Each of the works was created in the vicinity of Rome.  Sites include the Ostia beach, the Sala Scherma in the Foro Italico, and Diocletian's Stadium in the Palatine Hill.  Through movement and sound, the performers in the three works envision an altered reality from a past historical situation.  The female body is as agent-of recollection, resistance, and vision.

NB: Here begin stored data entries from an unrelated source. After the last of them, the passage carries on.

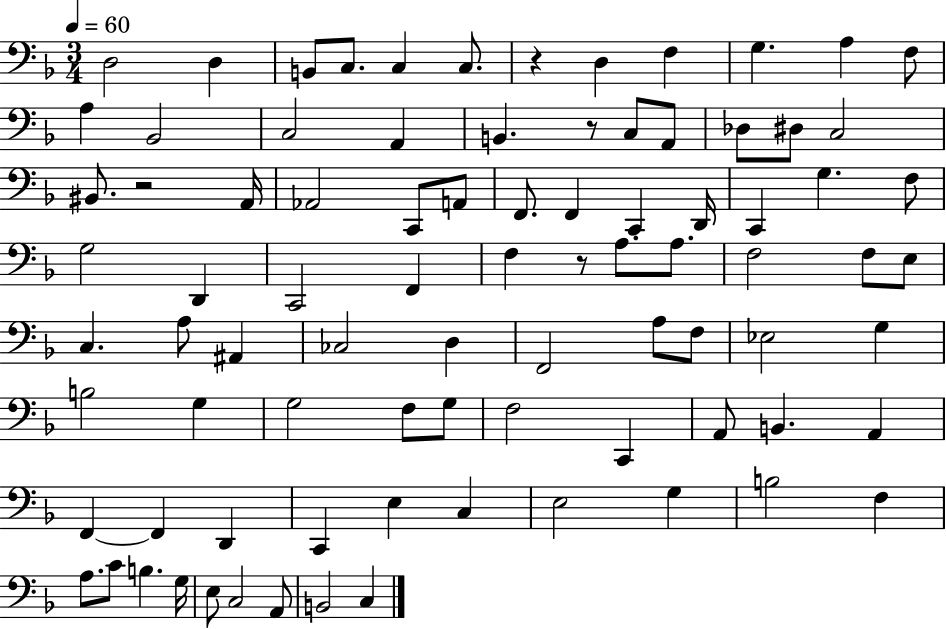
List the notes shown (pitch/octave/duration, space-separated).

D3/h D3/q B2/e C3/e. C3/q C3/e. R/q D3/q F3/q G3/q. A3/q F3/e A3/q Bb2/h C3/h A2/q B2/q. R/e C3/e A2/e Db3/e D#3/e C3/h BIS2/e. R/h A2/s Ab2/h C2/e A2/e F2/e. F2/q C2/q D2/s C2/q G3/q. F3/e G3/h D2/q C2/h F2/q F3/q R/e A3/e. A3/e. F3/h F3/e E3/e C3/q. A3/e A#2/q CES3/h D3/q F2/h A3/e F3/e Eb3/h G3/q B3/h G3/q G3/h F3/e G3/e F3/h C2/q A2/e B2/q. A2/q F2/q F2/q D2/q C2/q E3/q C3/q E3/h G3/q B3/h F3/q A3/e. C4/e B3/q. G3/s E3/e C3/h A2/e B2/h C3/q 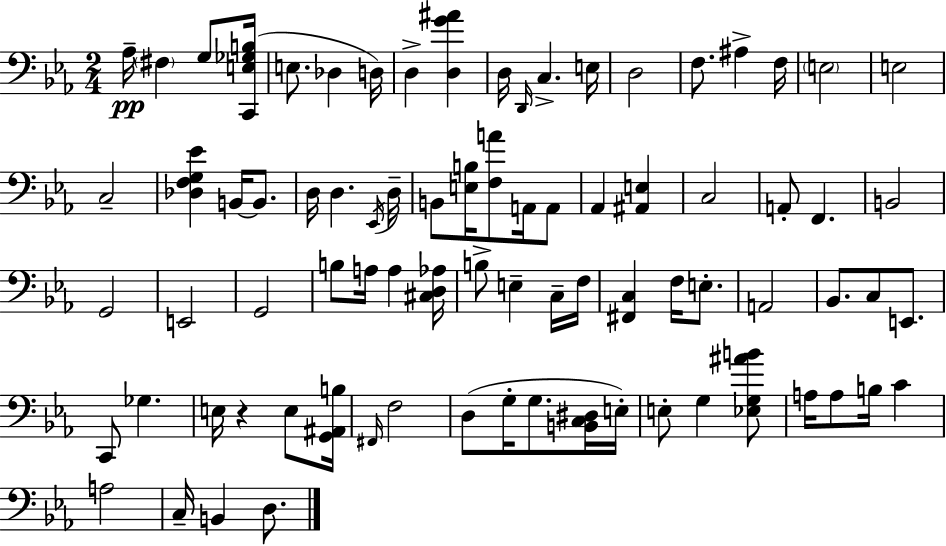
X:1
T:Untitled
M:2/4
L:1/4
K:Eb
_A,/4 ^F, G,/2 [C,,E,_G,B,]/4 E,/2 _D, D,/4 D, [D,G^A] D,/4 D,,/4 C, E,/4 D,2 F,/2 ^A, F,/4 E,2 E,2 C,2 [_D,F,G,_E] B,,/4 B,,/2 D,/4 D, _E,,/4 D,/4 B,,/2 [E,B,]/4 [F,A]/2 A,,/4 A,,/2 _A,, [^A,,E,] C,2 A,,/2 F,, B,,2 G,,2 E,,2 G,,2 B,/2 A,/4 A, [^C,D,_A,]/4 B,/2 E, C,/4 F,/4 [^F,,C,] F,/4 E,/2 A,,2 _B,,/2 C,/2 E,,/2 C,,/2 _G, E,/4 z E,/2 [G,,^A,,B,]/4 ^F,,/4 F,2 D,/2 G,/4 G,/2 [B,,C,^D,]/4 E,/4 E,/2 G, [_E,G,^AB]/2 A,/4 A,/2 B,/4 C A,2 C,/4 B,, D,/2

Sissi (b. 1977, Bologna, Italy, lives and works in London)
Diario di un ventre scavato ("Diary of a Hollow Abdomen"), 2016, video, 7:12 min.
The work documents Sissi's performance of her original poem, Diary of a Hollow Abdomen.  The event took place on July 21st, 2016, within the ruins of Diocletian's Stadium in the Palatine Hill in Rome, which also provided the outline for her site-specific drawing.  The performance was part of a group exhibition entitled "Par Tibi, Roma Nihil" organized by the Nomas Foundation and the city of Rome.  Inspired by the shapes made by the fragmented columns of the ruins, which to the artist resembled the outline of a human torso and head, Sissi used flour to create a line drawing that filled the body's outline with internal organs, specifically the stomach and brain.  In the performance, Sissi guides spectators through an ancient site of architectural fragments--re-envisioned as internal organs.  As she notes in the poem, "The birth of a new brain is a series of complex, consolidated processes."

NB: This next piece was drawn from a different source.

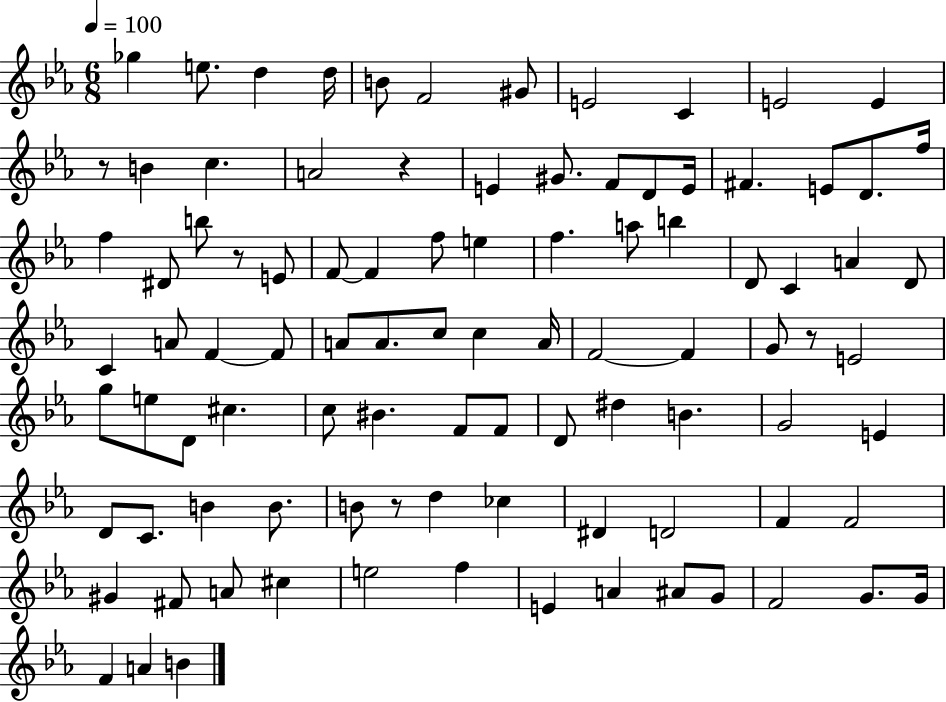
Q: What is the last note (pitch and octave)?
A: B4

Cynthia Madansky, (b. 1961, Los Angeles, CA, Lives and works in NY)
Anna, Pina, Teresa, 16mm, 6:20 min., 2015
The setting for the film is the Sala Scherma, a modernist designed building in the Foro Italico in the north of Rome, which was historically used as Mussolini's fencing studio.  Within this site, which gives way to views of broken columns and pine trees through the windows, dancer Marta Ciappina reinterprets the movements of the character Pina (played by Anna Magnani) in the pivotal scene of her murder in Roberto Rossellini's 1945 film Roma Città Aperta (Rome Open City).  Pina's character was based on the story of Teresa Gullace, who was shot and killed by the Fascist police in Rome as she attempted to speak to her husband, who was being taken prisoner.  Madansky's performer interprets the three main phases of movement that characterize the scene in Rossellini's film - resistance, running, and falling.  As Madansky notes, the combination of performance and setting highlight "the contemporary and historical dynamics between an urban Fascist space and movements of resistance."  The musical score for the film features original sound by electronic harp pioneer Zeena Parkins.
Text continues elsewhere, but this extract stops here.